- [TO DO]
The answer is to be the data that follows, transcribed exactly, minus its pictures.

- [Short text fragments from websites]
+--
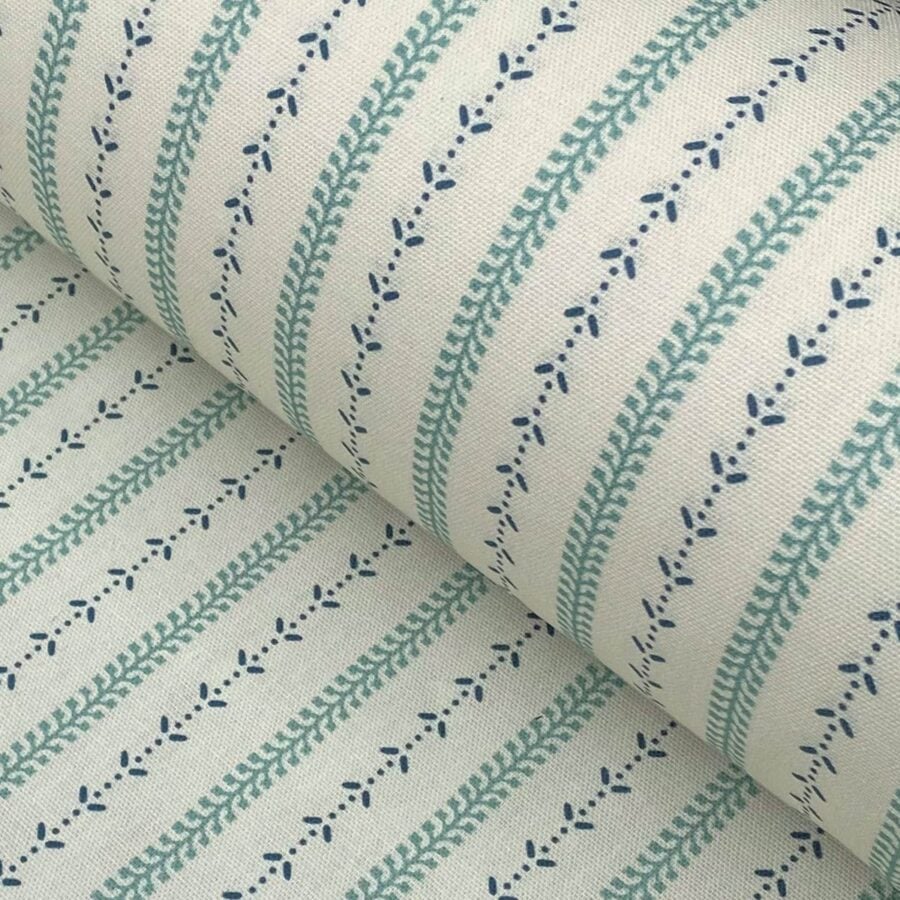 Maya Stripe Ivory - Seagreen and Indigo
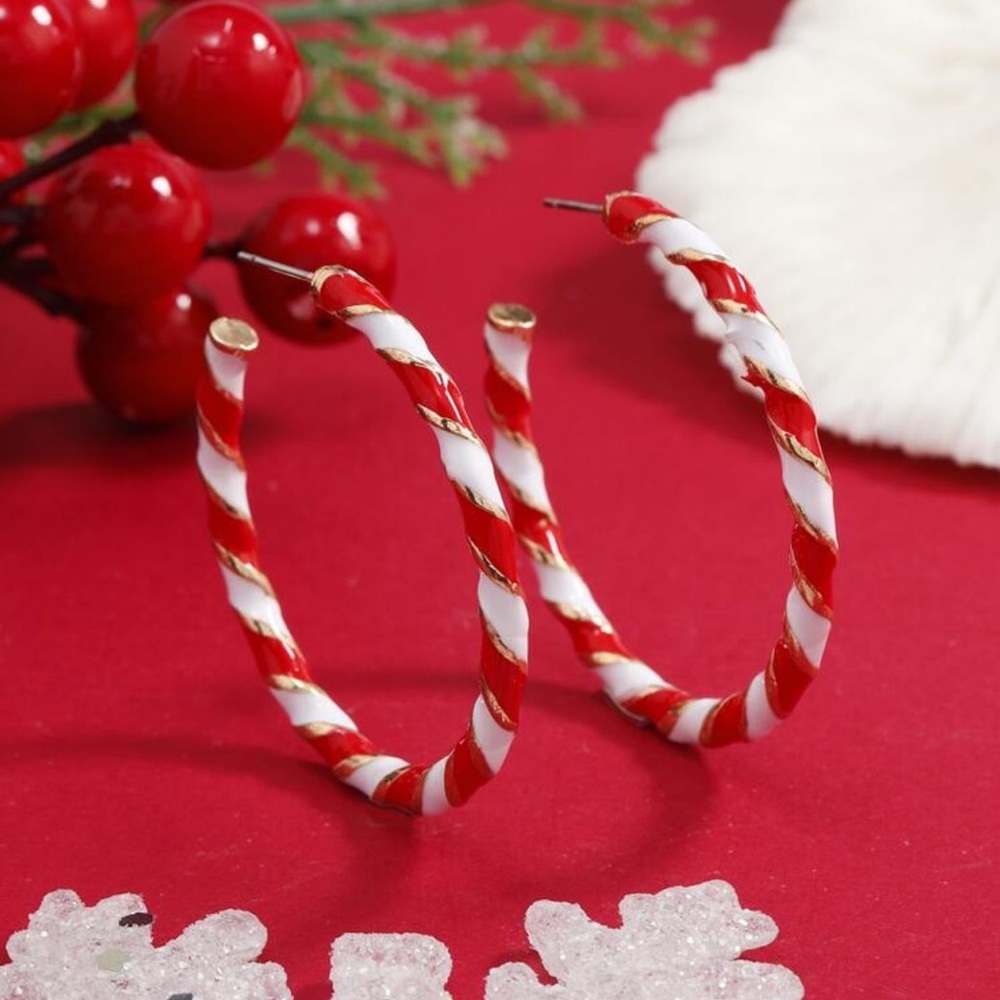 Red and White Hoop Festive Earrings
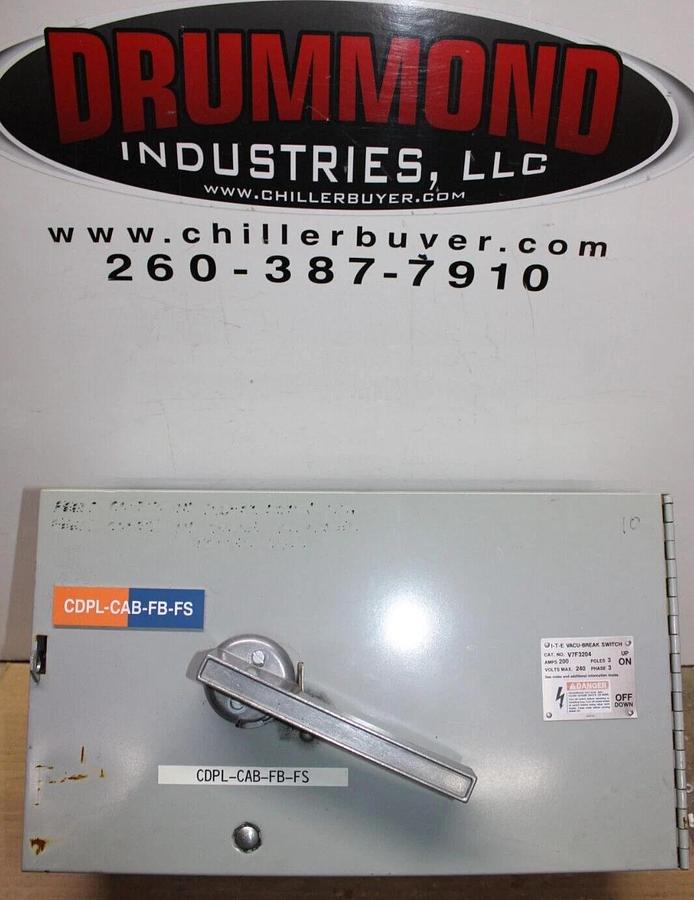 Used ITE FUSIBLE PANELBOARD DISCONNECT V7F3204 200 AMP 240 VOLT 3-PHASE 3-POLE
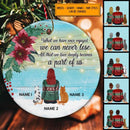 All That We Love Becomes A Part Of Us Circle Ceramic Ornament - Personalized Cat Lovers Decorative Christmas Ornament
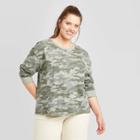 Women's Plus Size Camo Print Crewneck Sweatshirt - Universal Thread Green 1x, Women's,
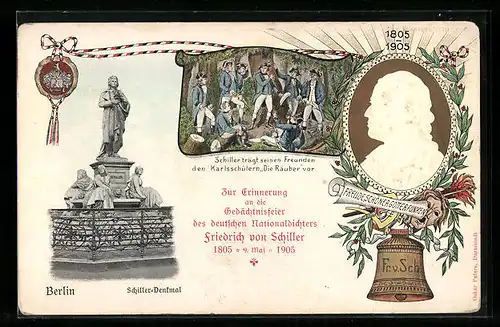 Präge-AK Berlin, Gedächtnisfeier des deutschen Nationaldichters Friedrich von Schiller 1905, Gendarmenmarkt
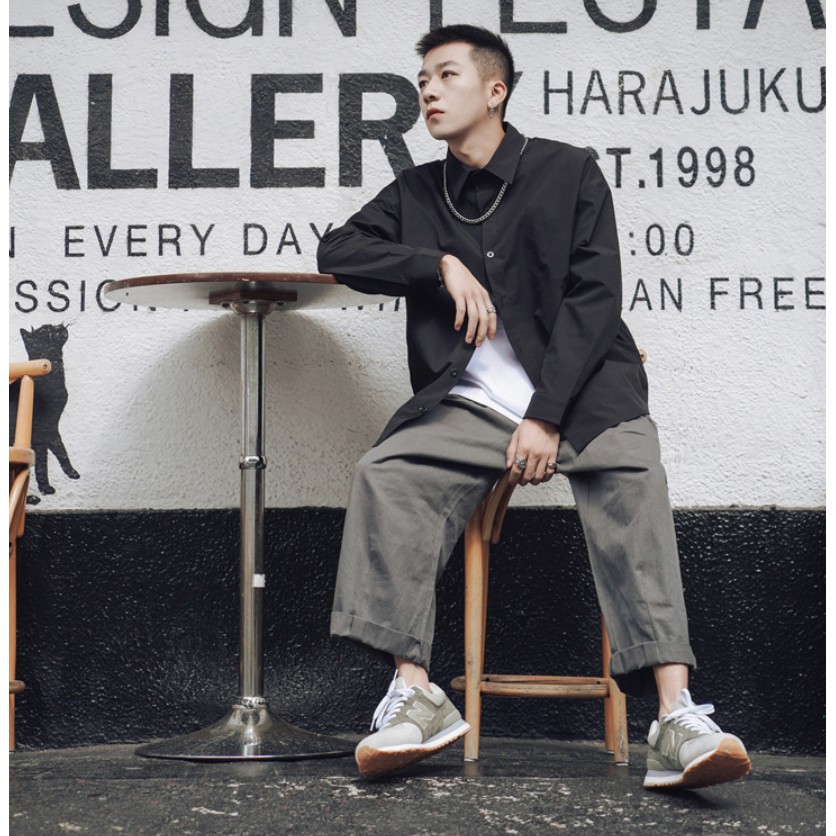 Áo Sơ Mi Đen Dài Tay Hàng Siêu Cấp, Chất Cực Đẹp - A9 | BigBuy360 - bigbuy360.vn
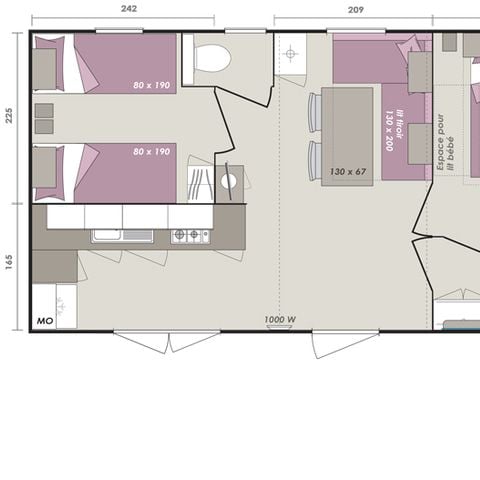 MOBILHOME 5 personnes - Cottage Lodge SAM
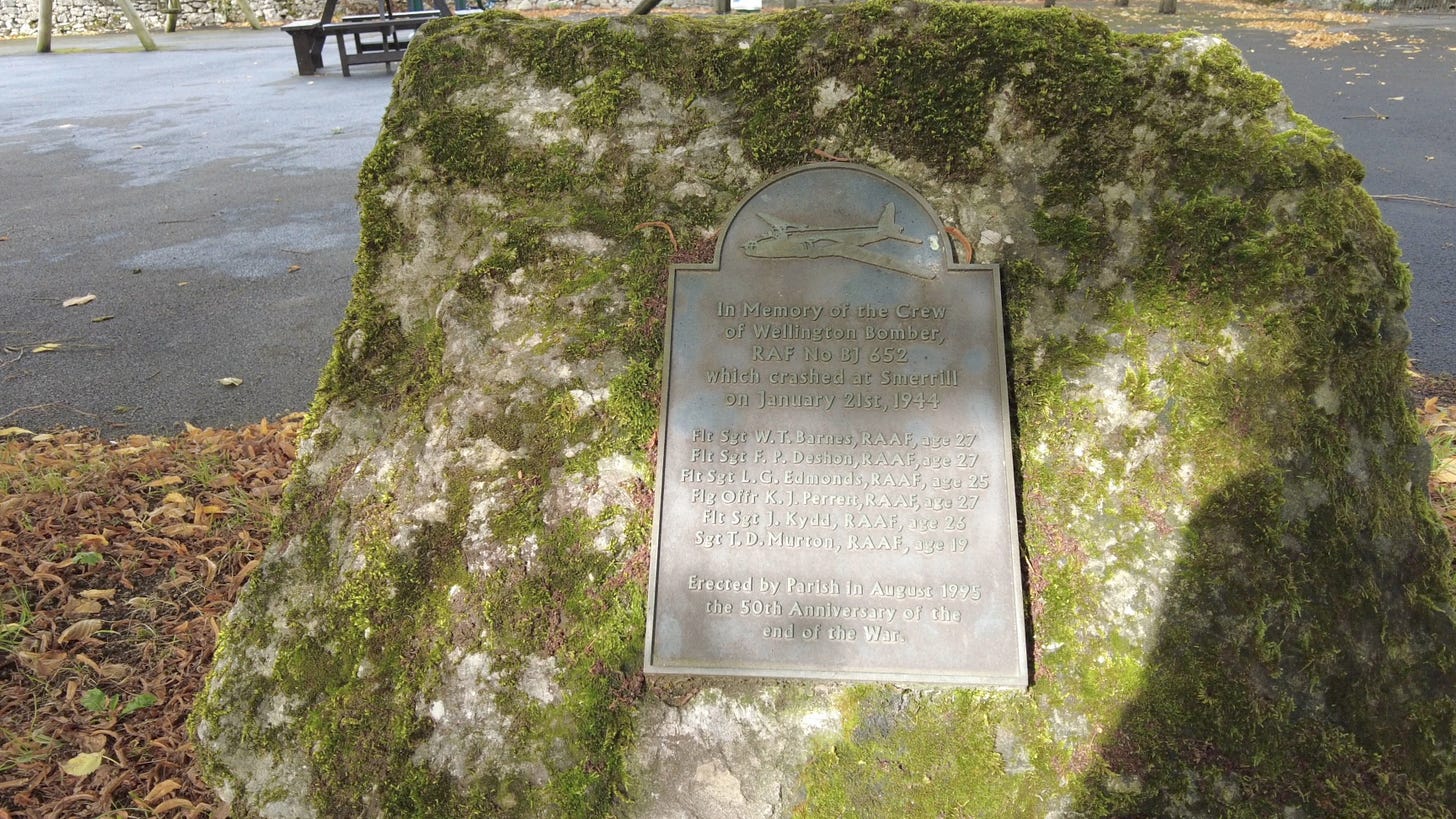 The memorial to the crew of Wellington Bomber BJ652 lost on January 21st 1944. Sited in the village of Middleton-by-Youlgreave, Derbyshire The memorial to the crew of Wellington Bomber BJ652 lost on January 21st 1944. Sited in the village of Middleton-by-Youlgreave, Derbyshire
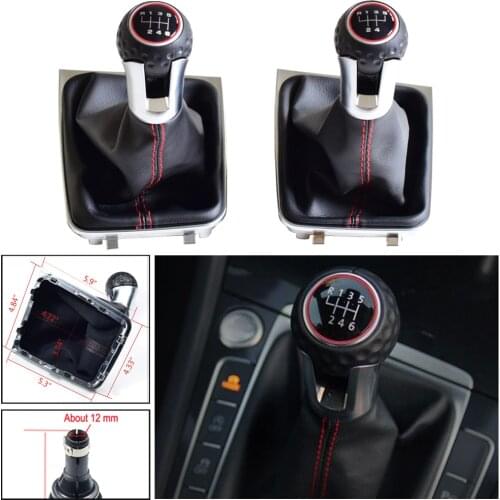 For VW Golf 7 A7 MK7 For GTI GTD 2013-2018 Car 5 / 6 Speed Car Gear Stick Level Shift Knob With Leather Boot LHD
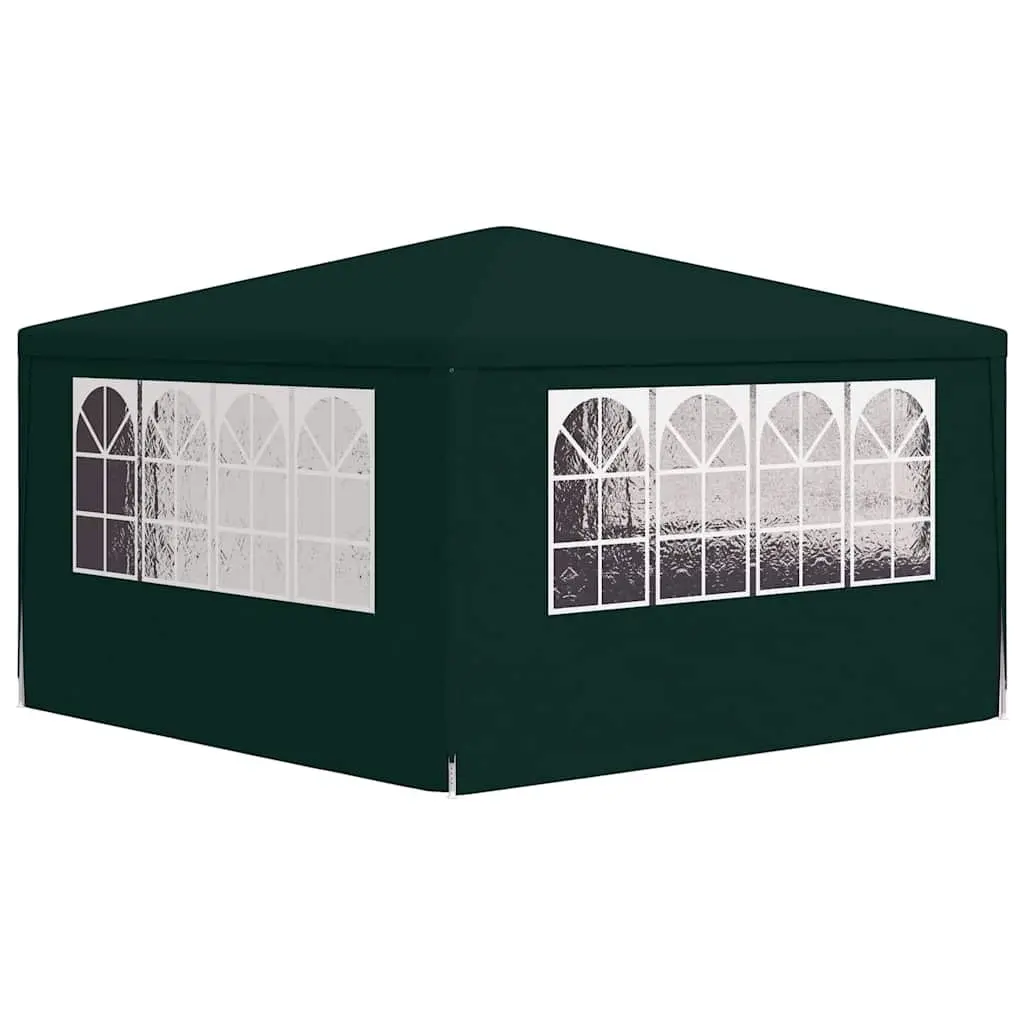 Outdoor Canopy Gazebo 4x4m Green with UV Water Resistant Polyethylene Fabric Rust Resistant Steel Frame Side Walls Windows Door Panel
+--
- [OUTPUT]
 Maya Stripe Ivory - Seagreen and Indigo
 Red and White Hoop Festive Earrings
 Used ITE FUSIBLE PANELBOARD DISCONNECT V7F3204 200 AMP 240 VOLT 3-PHASE 3-POLE
 All That We Love Becomes A Part Of Us Circle Ceramic Ornament - Personalized Cat Lovers Decorative Christmas Ornament
 Women's Plus Size Camo Print Crewneck Sweatshirt - Universal Thread Green 1x, Women's,
 Präge-AK Berlin, Gedächtnisfeier des deutschen Nationaldichters Friedrich von Schiller 1905, Gendarmenmarkt
 Áo Sơ Mi Đen Dài Tay Hàng Siêu Cấp, Chất Cực Đẹp - A9 | BigBuy360 - bigbuy360.vn
 MOBILHOME 5 personnes - Cottage Lodge SAM
 The memorial to the crew of Wellington Bomber BJ652 lost on January 21st 1944. Sited in the village of Middleton-by-Youlgreave, Derbyshire The memorial to the crew of Wellington Bomber BJ652 lost on January 21st 1944. Sited in the village of Middleton-by-Youlgreave, Derbyshire
 For VW Golf 7 A7 MK7 For GTI GTD 2013-2018 Car 5 / 6 Speed Car Gear Stick Level Shift Knob With Leather Boot LHD
 Outdoor Canopy Gazebo 4x4m Green with UV Water Resistant Polyethylene Fabric Rust Resistant Steel Frame Side Walls Windows Door Panel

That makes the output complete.